BIP: 157
Layer: Peer Services
Title: Client Side Block Filtering
Author: Olaoluwa Osuntokun <[email protected]>
Alex Akselrod <[email protected]>
Jim Posen <[email protected]>
Status: Draft
Type: Standards Track
Created: 2017-05-24


## Abstract

This BIP describes a new light client protocol in Bitcoin that improves upon currently available options. The standard light client protocol in use today, defined in BIP 37, has known flaws that weaken the security and privacy of clients and allow denial-of-service attack vectors on full nodes. The new protocol overcomes these issues by allowing light clients to obtain compact probabilistic filters of block content from full nodes and download full blocks if the filter matches relevant data.

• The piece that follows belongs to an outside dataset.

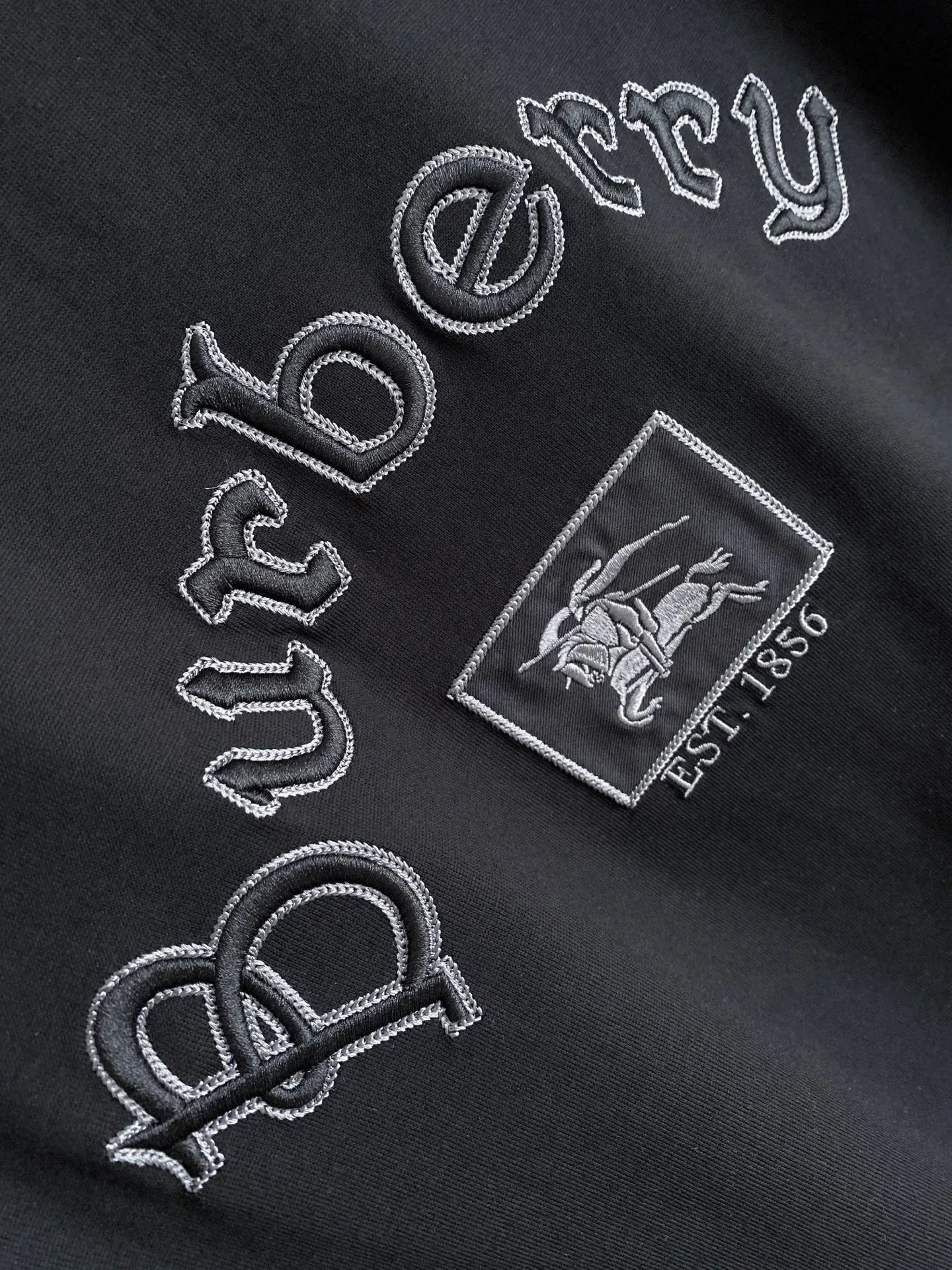 Футболки Мужские Burberry 11493992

New P2P messages empower light clients to securely sync the blockchain without relying on a trusted source. This BIP also defines a filter header, which serves as a commitment to all filters for previous blocks and provides the ability to efficiently detect malicious or faulty peers serving invalid filters. The resulting protocol guarantees that light clients with at least one honest peer are able to identify the correct block filters.

## Motivation

BIP 37 is currently the most widely used light client execution mode for Bitcoin. With BIP 37, a client sends a Bloom filter it wants to watch to a full node peer, then receives notifications for each new transaction or block that matches the filter. The client then requests relevant transactions from the peer along with Merkle proofs of inclusion in the blocks containing them, which are verified against the block headers. The Bloom filters match data such as client addresses and unspent outputs, and the filter size must be carefully tuned to balance the false positive rate with the amount of information leaked to peer. It has been shown, however, that most implementations available offer virtually ''zero privacy'' to wallets and other applications. Additionally, malicious full nodes serving light clients can omit critical data with little risk of detection, which is unacceptable for some applications (such as Lightning Network clients) that must respond to certain on-chain events. Finally, honest nodes servicing BIP 37 light clients may incur significant I/O and CPU resource usage due to maliciously crafted Bloom filters, creating a denial-of-service (DoS) vector and disincentizing node operators from supporting the protocol.

The alternative detailed in this document can be seen as the opposite of BIP 37: instead of the client sending a filter to a full node peer, full nodes generate deterministic filters on block data that are served to the client. A light client can then download an entire block if the filter matches the data it is watching for. Since filters are deterministic, they only need to be constructed once and stored on disk, whenever a new block is connected to the chain. This keeps the computation required to serve filters minimal, and eliminates the I/O asymmetry that makes BIP 37 enabled nodes vulnerable. Clients also get better assurance of seeing all relevant transactions because they can check the validity of filters received from peers more easily than they can check completeness of filtered blocks. Finally, client privacy is improved because blocks can be downloaded from ''any source'', so that no one peer gets complete information on the data required by a client. Extremely privacy conscious light clients may opt to anonymously fetch blocks using advanced techniques such as Private Information Retrieval.

## Definitions

[]byte represents a vector of bytes.

[N]byte represents a fixed-size byte array with length N.

''CompactSize'' is a compact encoding of unsigned integers used in the Bitcoin P2P protocol.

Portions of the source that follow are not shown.